Он достал из отделения комода бутылку. Я взглянул на этикетку.

— Разве это не для особо важных клиентов? Вроде Купера?

— Теперь уже нет, — радостно объявил Блэк. — С тех пор, как Париж освобожден. Будем пить сами. Для Купера у нас есть «Реми Мартен». А мы будем попивать другой, лет на сорок постарше. — Он налил. — Скоро опять будем получать из Франции настоящий хороший коньяк. Если, конечно, немцы не успели все конфисковать. Как вы думаете, французы кое-что сумели припрятать?

— Думаю, да, — сказал я. — Немцы не слишком разбираются в коньяке.

— А в чем тогда они вообще разбираются?

— В войне. В работе. И в послушании.

— И на этом основании трубят о себе как о высшей расе господ?

— Да, — ответил я. — Потому что таковою не являются. Чтобы стать господствующей расой, одной только склонности к тирании мало. Тирания еще не означает авторитет.

Коньяк был мягок, как шелк. Его благоухание тотчас же распространилось по всей комнате.

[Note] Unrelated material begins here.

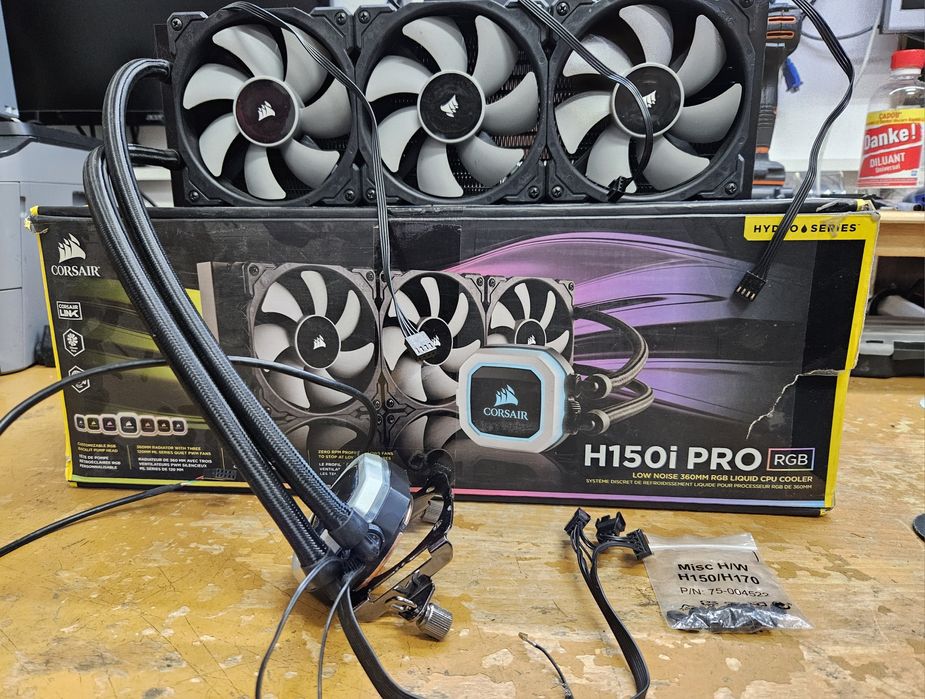 Defect Corsair h150i pro rgb liquid cooler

— По случаю такого торжественного дня я запрошу с Купера на пять тысяч больше, — хорохорился Блэк. — Кончилось время пресмыкательства! Париж снова свободен! Еще месяца два-три, и опять можно будет делать закупки. А я там знаю парочку Моне, да и одного Сезанна… — Глаза его заблестели. — Это будет очень недорого. Цены в Европе вообще гораздо ниже здешних. Надо только первым поспеть. И лучше всего просто прихватить с собой чемоданчик с долларами. Наличные — куда более чувственная вещь, чем какой-то там чек; к тому же вид наличных расслабляет. Особенно французов. Как вы насчет второй рюмки?

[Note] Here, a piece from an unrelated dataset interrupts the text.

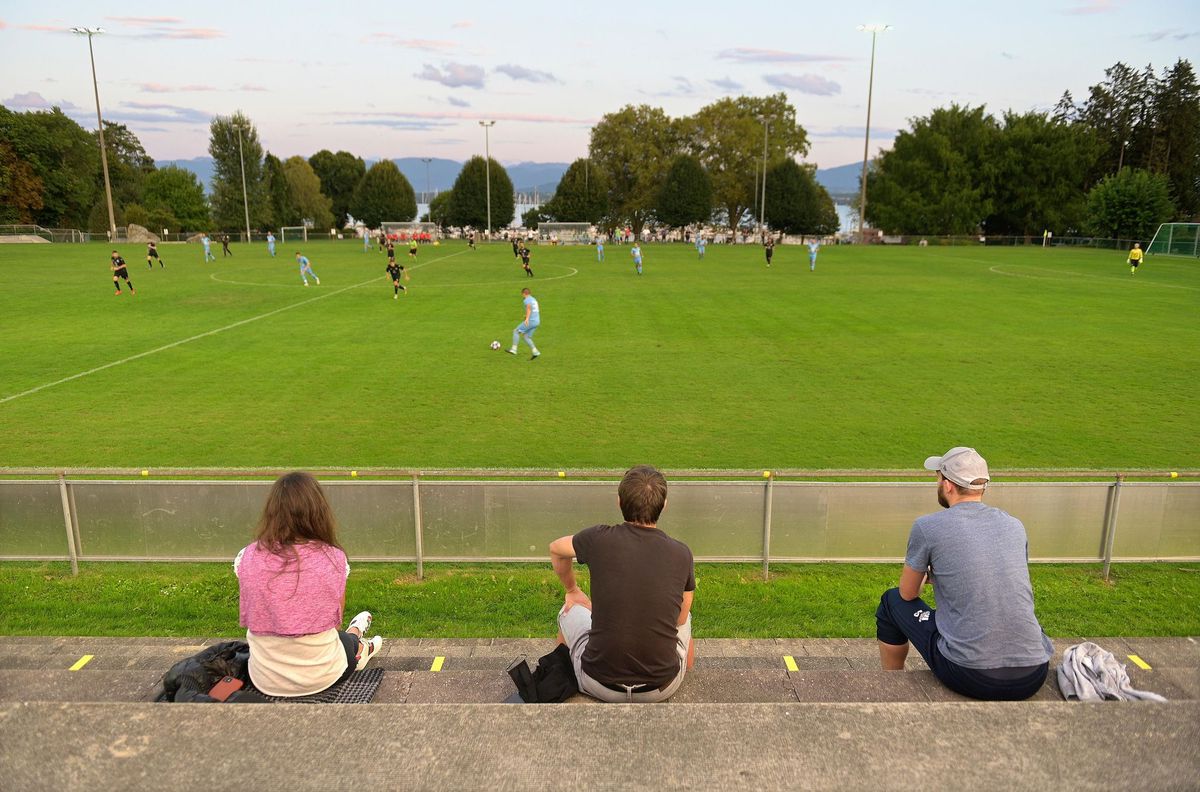 Les clubs de ligues inferieures et les restrictions dues au Covid. Au FC Prangins (qui a ete touche par le Covid en juillet) on encourage le port du masque et on a marque les barrieres autour du terrain pour delimiter les 1,5 m de distance.  Dans les vestiaires, les joueurs doivent egalement porter le masque. Ici les gradins Lors du Match de 3e ligue Priangins - St-Sulpice au  Terrain les Aberiaux, a Prangins. Ce samedi 05 septembre 2020.  (24 Heures/Christian Brun)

— С удовольствием, — сказал я. — Что-то мне не верится, что так уж скоро можно будет путешествовать по Франции.

— Кто знает. Но крах может наступить в любую минуту.

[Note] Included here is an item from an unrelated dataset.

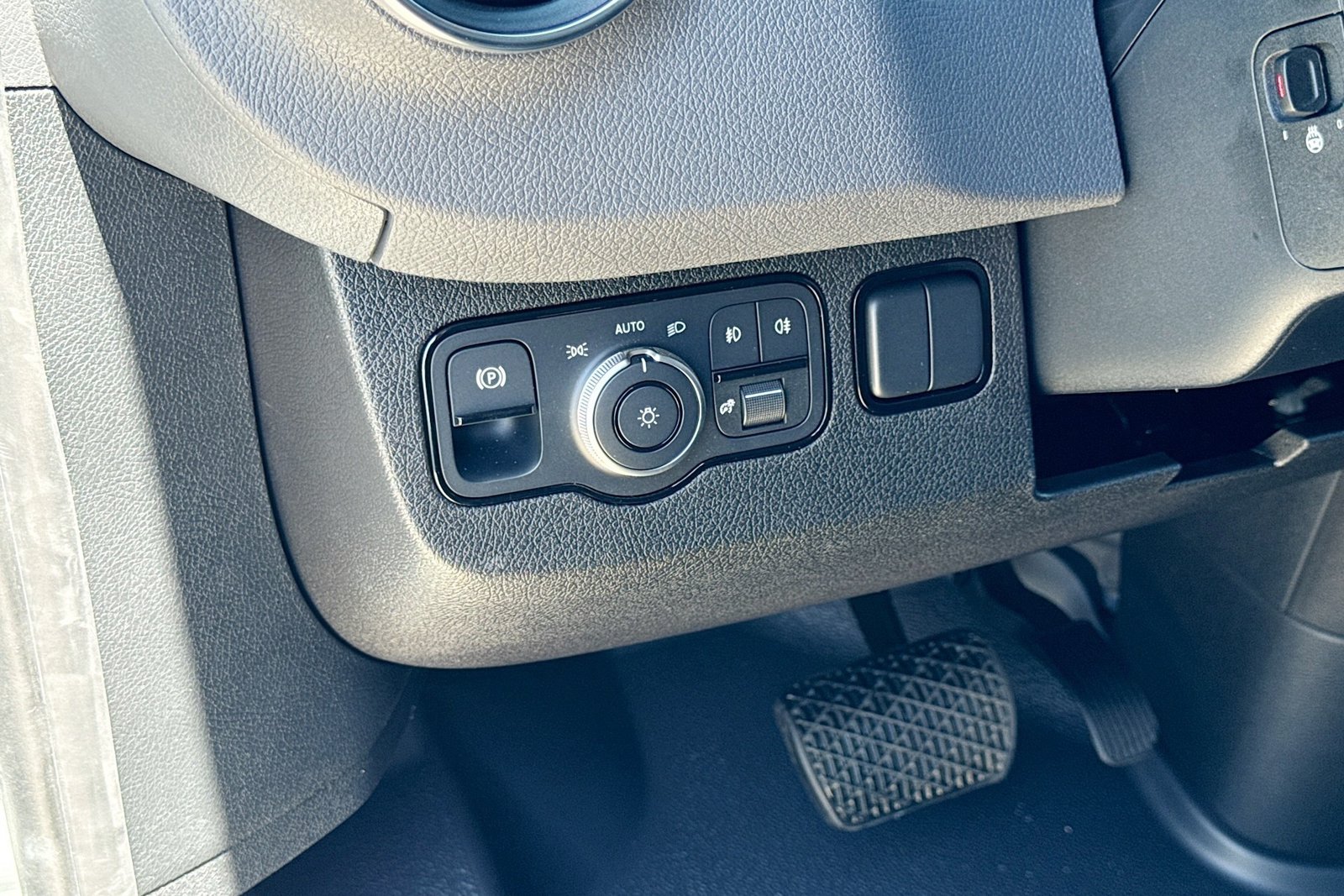 New 2026 Silver Gray Mercedes-Benz  image 10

Реджинальд Блэк продал второго Дега без всякого фейерверка вроде того, что мы устроили в прошлый раз. И без обещанной наценки в пять тысяч долларов за освобождение Парижа. Купер побил его шутя, заявив, что через приятелей уже завязал контакты с французскими антикварами. Вероятно, это был блеф. Блэк не то чтобы на него купился — скорее продал просто потому, что надеялся вскоре получить из Парижа пополнение. К тому же он, наверное, полагал, что в ближайшее время цены, пусть ненадолго и слегка, но все же упадут.

— Есть еще все-таки Бог на свете! — радостно приветствовал меня Александр Силвер, когда я зашел к нему после обеда. — И можно снова в него верить. Париж свободен! Похоже, варвары не затопчут весь мир. По случаю такого торжественного дня мы закрываемся на два часа раньше и идем ужинать в «Вуазан». Пойдемте с нами, господин Зоммер! Как вы себя сейчас чувствуете? Как немец, наверное, плоховато, да? Зато как еврей — свободным человеком, верно?